Pushkar is a holy city for Hindu people. It is one of 5 sacred pilgrimage sites in the world devout Hindu people aspire to visit at least once in their lifetime. The city surrounds Lake Pushkar, a lake that was believed to be created more than 60,000 years ago by the god Brahma when he dropped a lotus flower. Because of the holy nature of this body of water, Lake Pushkar has 52 bathing ghats (stairs) leading into the water.
As a holy city for Hindu people, Pushkar town, and most of the state of Rajasthan, strictly bans alcohol and meat. There are no bars or liquor stores and alcohol is not served at restaurants. Coming from South East Asia where beer was cheaper than water and every hostel had a bar, it is a change to spend evenings playing cards, engaging in alcohol-free conversation, listening to people make music, and watching campfires.
Because habits can be hard to break, our group made a special request to the Pushkar hostel owner for beer and he obliged. For 200 rupees per beer (that is expensive at about $3 USD a can) we each bought one or two cans. To drink our beer, we were asked to set up a separate campfire and wait until after 10:30pm. A friend of the owner purchased an Indian beer, King Fisher, and delivered the cans to the hostel in a flour sack. The empty cans left the hostel in the same flour sack for disposal outside the city limits.
While alcohol is difficult to source, India has no shortage of hash, a form of cannabis, and nicotine. Restaurants advertise bhang lassies or special lassies, a yogurt shake made with hash. Paan (when pronounced it sounds like bang) is sold in small packets at every kiosk and is freely chewed on the streets, most often by working class men. Smoking/consuming any of these substances is normal in this culture. Cheers!
Louie, Amy (green), Kelly (white) and Charlotte as we waited for our bus to Pushkar. It was a 4 to 5 hour bus ride from Jaipur to Pushkar, where we made certain to pick the only hostel with a pool for our 2-night stay.

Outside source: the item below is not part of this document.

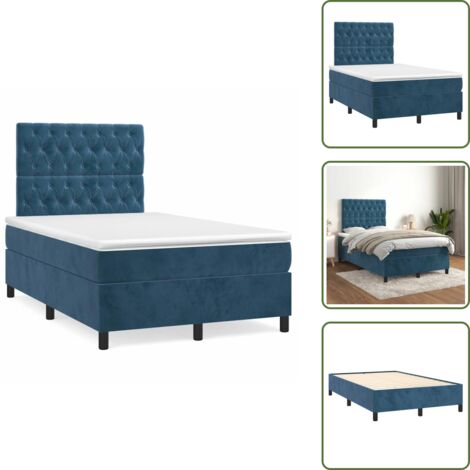 Materasso morbido - vidaXL Giroletto a Molle con Materasso Blu Scuro 120x190 cm in Velluto - Letto con testiera regolabile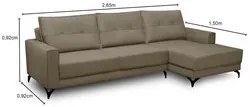 Sofá 4 Lugares com Chaise Direito 265cm Soreh F05 Veludo Castor - Mpoz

Pushkar was the first city where I felt comfortable using my camera on the street so here are a few shots of the animals mixed into daily street life. In every city I see lambs, goats, donkeys and a lot of cows on the streets. Monkeys and dogs roam around as well. Cows, and animals in general, are sacred in the Hindu tradition.
There is a thriving mini-Israel in quiet, chill Pushkar! There is even a Chabad House in addition to the falafel stands and signs in Hebrew. Israelis, especially immediately after the army, have a tradition of traveling and often follow similar routes. I think this town is on that well-traveled route.
The holy ghats should not be photographed. This is an image taken from the street of the stairs leading to the water and the ghats.
Some daily life in Pushkar. I visited the Brahma Temple in this town, one of only a few such temples in the world. It was packed with people. Inside the temple are inscriptions to honor the dead including this plaque dedicated to King George’s memory during a visit from Queen Elizabeth.
With the ladies and Louie, we traveled via tuk-tuk to the Pushkar countryside for a tour. This tuk-tuk full of men worked hard to overtake our tuk-tuk. Then, they stopped and ran to us, our driver stopped, and these men took pictures with us.
Sunset in the Pushkar countryside and the view from the rooftop of our hostel.
A short scramble up the rocky hill was worth it for this view.
On the same tour we visited Aloo Baba, the potato Baba. Baba is the honorable term for a Sufi saint. This Baba eats only potatoes and spends his days praying and welcoming pilgrims. Other Babas are silent or stand all day to channel their holiness. Our group visited Aloo Baba’s grotto to drink chai and smoke hash in his presence. It was a bizarre experience!